[[ EXCERPTED DATA, beginning ]]

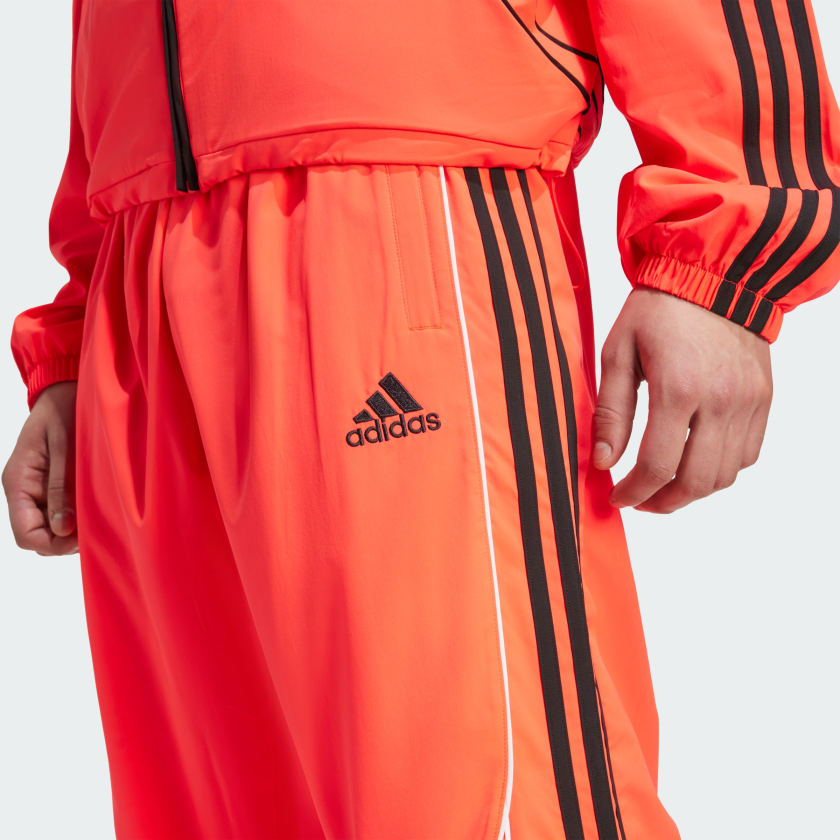 как выглядит adidas men Teamgeist Adicolor Track Pants фото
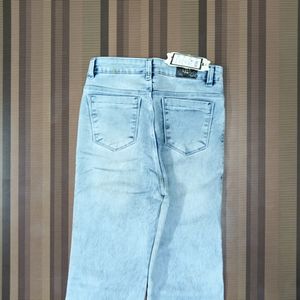 Y-06 Size 28 Slim Fit Women Denim Jeans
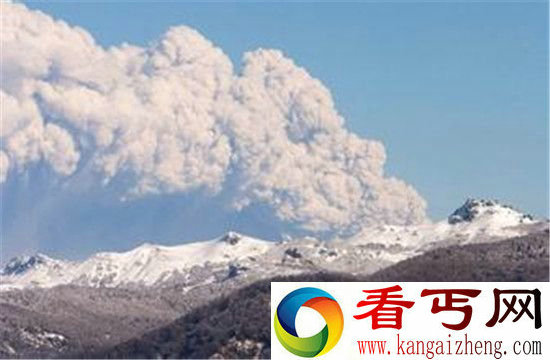 智利火山第三次喷发 火山灰直冲4000米高空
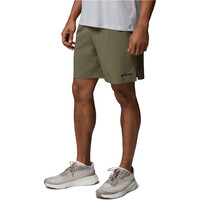 Columbia pantalón corto montaña hombre VITAL VALLEY VERDE vista detalle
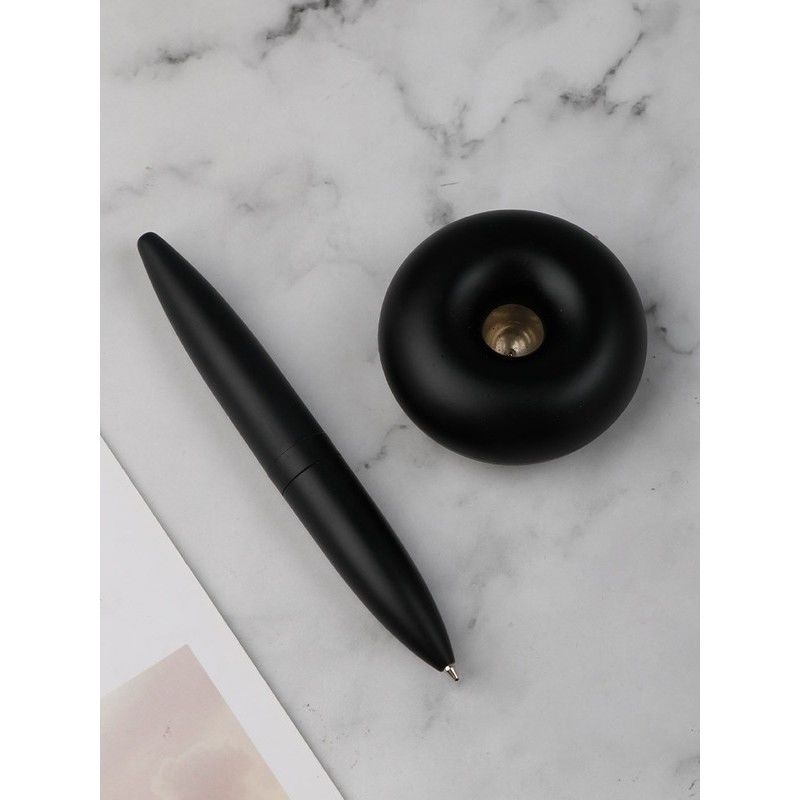🖋️磁気浮上スタンドペン オフィス文具 立式デザイン ホテル・カウンター用 新感覚黒インクペン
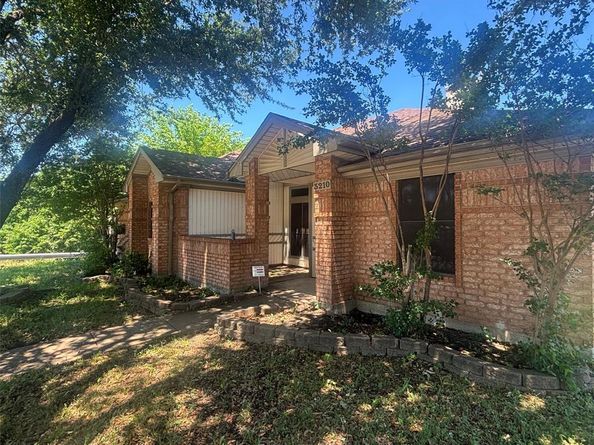 3210  Andrea Lane , Garland Texas 75040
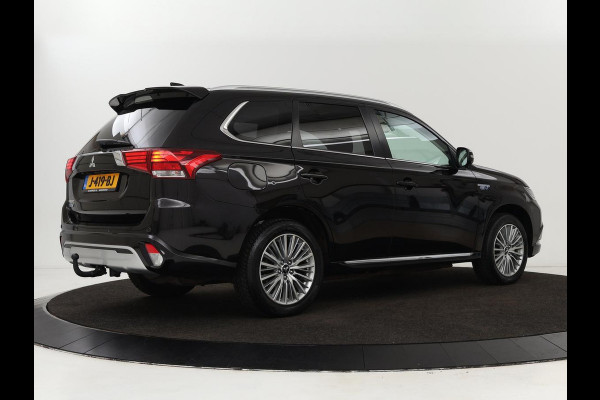 Mitsubishi Outlander 2.4 PHEV Intense+ | Schuifdak | Stoel & stuurverwarming | 360 camera | Trekhaak | Half leder | Carplay | Navigatie | Climate control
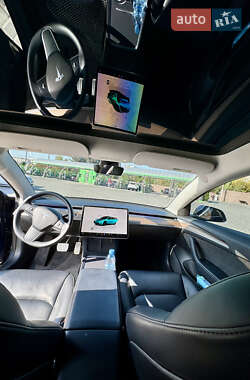 Седан Tesla Model 3 2022 в 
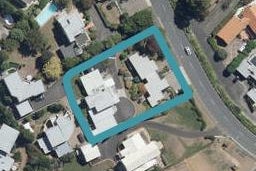 127 Lake Crescent, Hamilton Lake, Hamilton
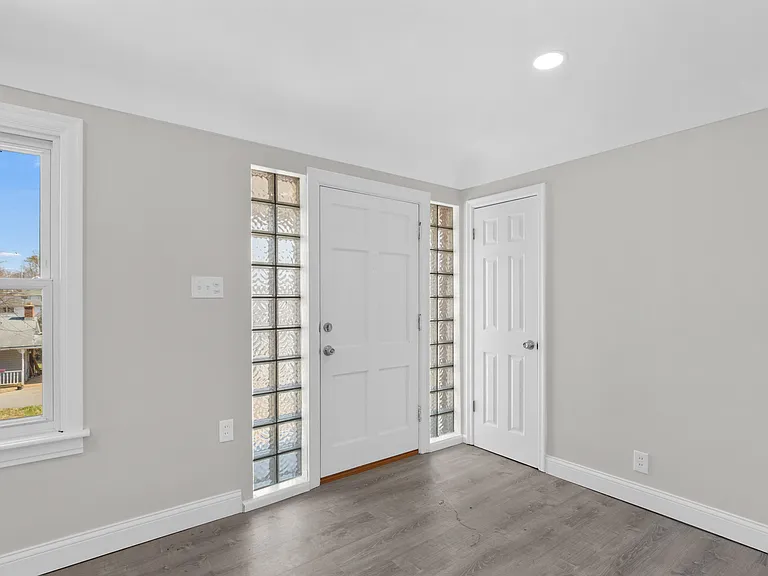 223 N Dellwood Ave — Photo 11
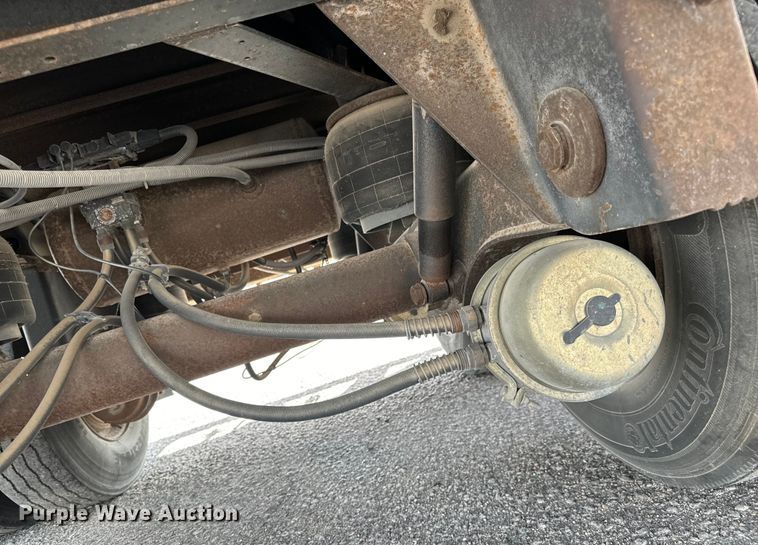 image for item NI9686 2002 Trailmobile  dry van trailer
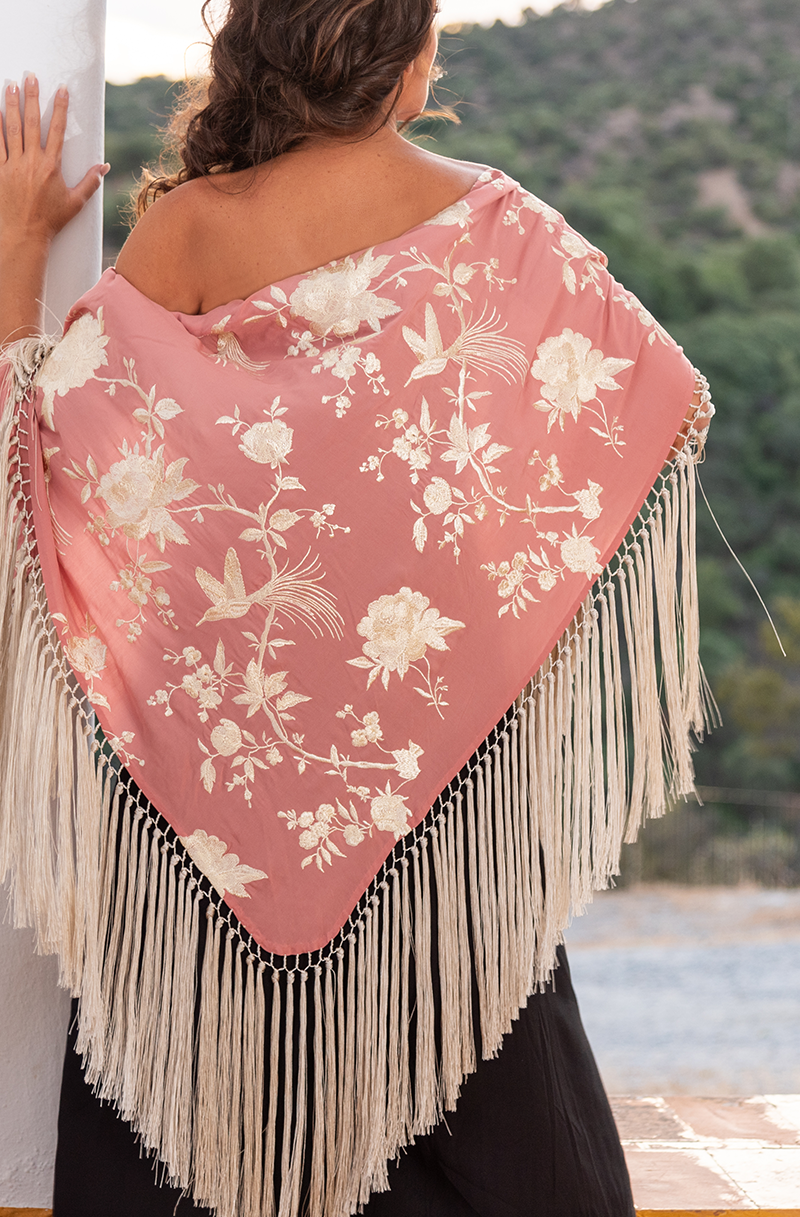 Manton Fandanguillo | Rosa nude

[[ EXCERPTED DATA, end ]]

> [EXERCISE INSTRUCTIONS] With the pictures left out, write out exactly the lines from the line containing "Y-06 Size 28 Slim Fit Women Denim Jeans" through the last line of the entries above, both ends included, and no others.

> [SOLVED PROBLEM]
 Y-06 Size 28 Slim Fit Women Denim Jeans
 智利火山第三次喷发 火山灰直冲4000米高空
 Columbia pantalón corto montaña hombre VITAL VALLEY VERDE vista detalle
🖋️磁気浮上スタンドペン オフィス文具 立式デザイン ホテル・カウンター用 新感覚黒インクペン
 3210  Andrea Lane , Garland Texas 75040
 Mitsubishi Outlander 2.4 PHEV Intense+ | Schuifdak | Stoel & stuurverwarming | 360 camera | Trekhaak | Half leder | Carplay | Navigatie | Climate control
 Седан Tesla Model 3 2022 в 
 127 Lake Crescent, Hamilton Lake, Hamilton
 223 N Dellwood Ave — Photo 11
 image for item NI9686 2002 Trailmobile  dry van trailer
 Manton Fandanguillo | Rosa nude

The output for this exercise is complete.